[[ Records supplied, beginning ]]

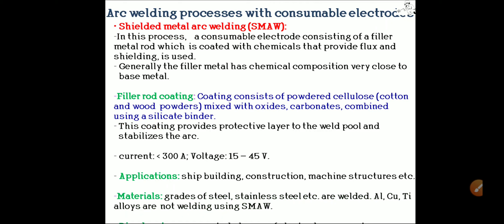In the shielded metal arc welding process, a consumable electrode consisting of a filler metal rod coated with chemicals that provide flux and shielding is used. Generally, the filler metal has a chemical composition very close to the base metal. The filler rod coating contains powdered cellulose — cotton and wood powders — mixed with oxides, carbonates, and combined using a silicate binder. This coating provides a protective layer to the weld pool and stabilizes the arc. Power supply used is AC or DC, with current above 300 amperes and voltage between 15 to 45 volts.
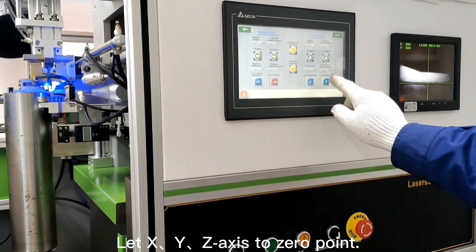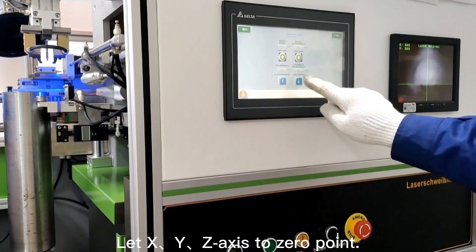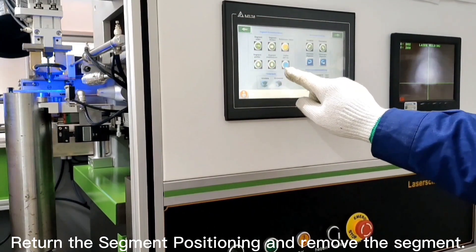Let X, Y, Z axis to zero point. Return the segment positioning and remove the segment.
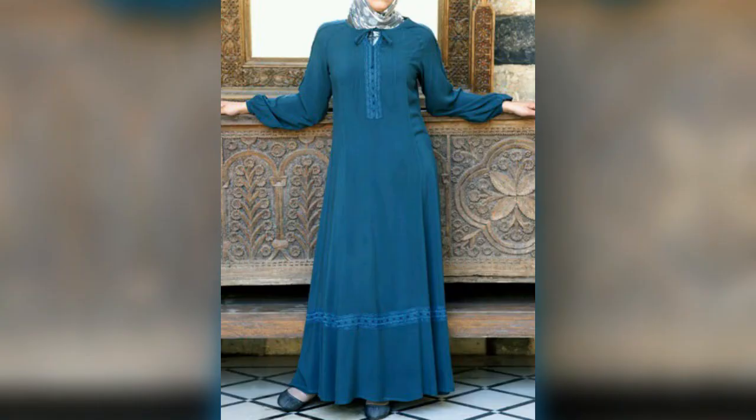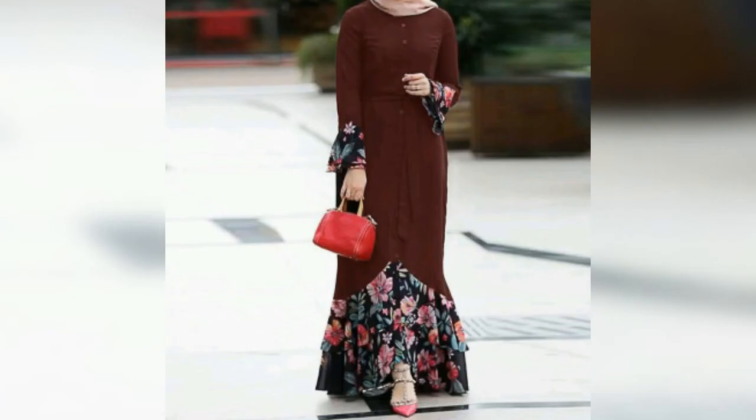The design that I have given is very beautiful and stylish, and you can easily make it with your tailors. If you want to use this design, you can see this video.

[[ Records supplied, end ]]
[[ Records supplied, beginning ]]

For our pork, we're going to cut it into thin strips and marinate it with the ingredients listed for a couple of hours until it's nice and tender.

[[ Records supplied, end ]]

**Work instruction:**
Reproduce, word for word, only the lines in the records above from the line with "Let X, Y, Z" through the line with "The design that", including both ends; omit the pictures.

**Exercise solution:**
Let X, Y, Z axis to zero point. Return the segment positioning and remove the segment.
The design that I have given is very beautiful and stylish, and you can easily make it with your tailors. If you want to use this design, you can see this video.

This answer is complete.